Data leak at gaming firm Razer may have exposed 100,000 gamers’ personal information

SINGAPORE — The personal information of an estimated 100,000 customers of gaming hardware maker Razer was leaked online for three weeks, potentially exposing them to scams, though the firm said on Tuesday (Sept 15) that no credit card numbers or passwords were involved.

Security researcher Volodymyr “Bob” Diachenko revealed the leak in a post on networking site LinkedIn last Thursday, after he discovered a server belonging to Razer was misconfigured for public access and indexed by public search engines.

Inside the server were logs containing the full names, email addresses, phone numbers, order details, billing and shipping addresses of the firm’s customers, Mr Diachenko said.

“Based on the number of the emails exposed, I would estimate the total number of affected customers to be around 100,000,” he wrote.

Razer, known for its high-end gaming gear such as laptops and keyboards, has headquarters in both Singapore and California in the United States.

Upon discovering the leak, Mr Diachenko immediately notified Razer through its support channel.

The server had been misconfigured since Aug 18, but it took the company more than three weeks to secure the data breach in the system after his email was bounced around different support representatives, he said.
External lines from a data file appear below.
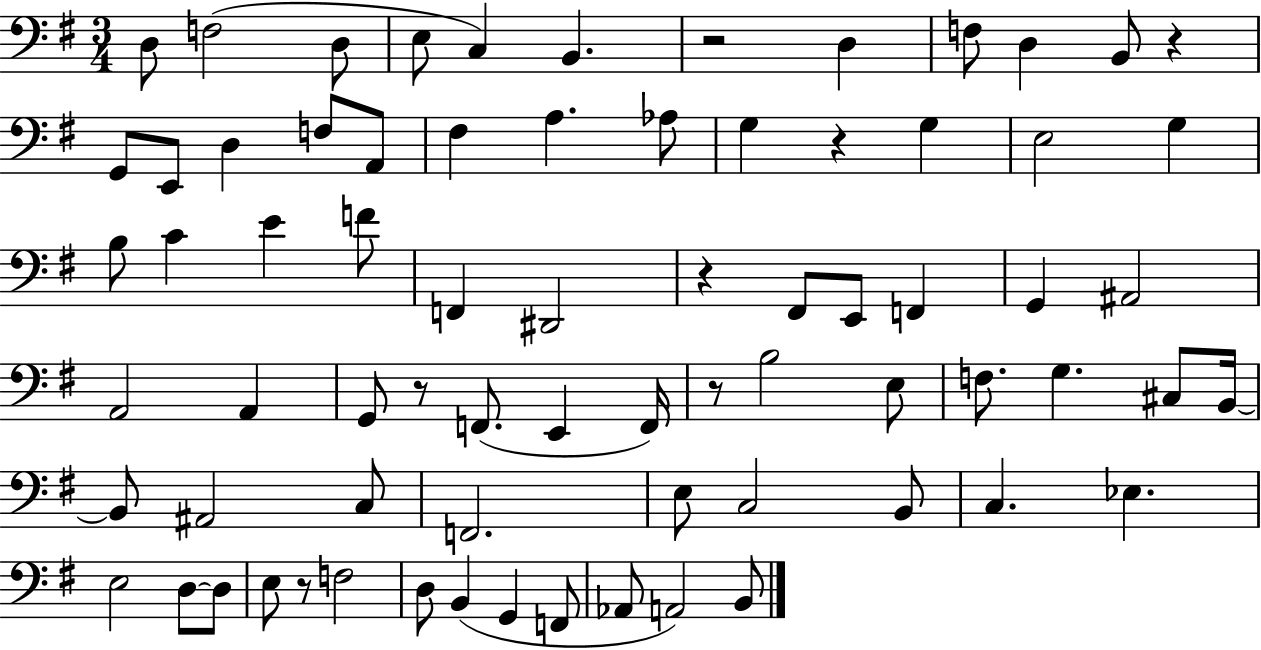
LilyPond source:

{
  \clef bass
  \numericTimeSignature
  \time 3/4
  \key g \major
  d8 f2( d8 | e8 c4) b,4. | r2 d4 | f8 d4 b,8 r4 | \break g,8 e,8 d4 f8 a,8 | fis4 a4. aes8 | g4 r4 g4 | e2 g4 | \break b8 c'4 e'4 f'8 | f,4 dis,2 | r4 fis,8 e,8 f,4 | g,4 ais,2 | \break a,2 a,4 | g,8 r8 f,8.( e,4 f,16) | r8 b2 e8 | f8. g4. cis8 b,16~~ | \break b,8 ais,2 c8 | f,2. | e8 c2 b,8 | c4. ees4. | \break e2 d8~~ d8 | e8 r8 f2 | d8 b,4( g,4 f,8 | aes,8 a,2) b,8 | \break \bar "|."
}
Mr Diachenko added that during that time, scammers could have accessed the customer records and committed fraud and targeted phishing attacks by, for example, posing as Razer employees and encouraging victims to click on links to fake login pages or download malware onto their devices.

In a statement to TODAY on Tuesday, Razer said that the error had been fixed last Wednesday, before the lapse was made public.

“We were made aware by a security researcher of a server misconfiguration that potentially exposed order details, customer and shipping information,” the firm said. “No sensitive data such as credit card numbers or passwords was exposed.

“We sincerely apologise for the lapse and have taken all necessary steps to fix the issue as well as conduct a thorough review of our IT security and systems. We remain committed to ensuring the digital safety and security of all our customers.”

Asked by TODAY about Mr Diachenko’s estimate of 100,000 affected customers, a Razer spokesperson said that she was unable to immediately confirm the figure.

The company said that customers who have questions about the incident may email DPO [at] razer.com.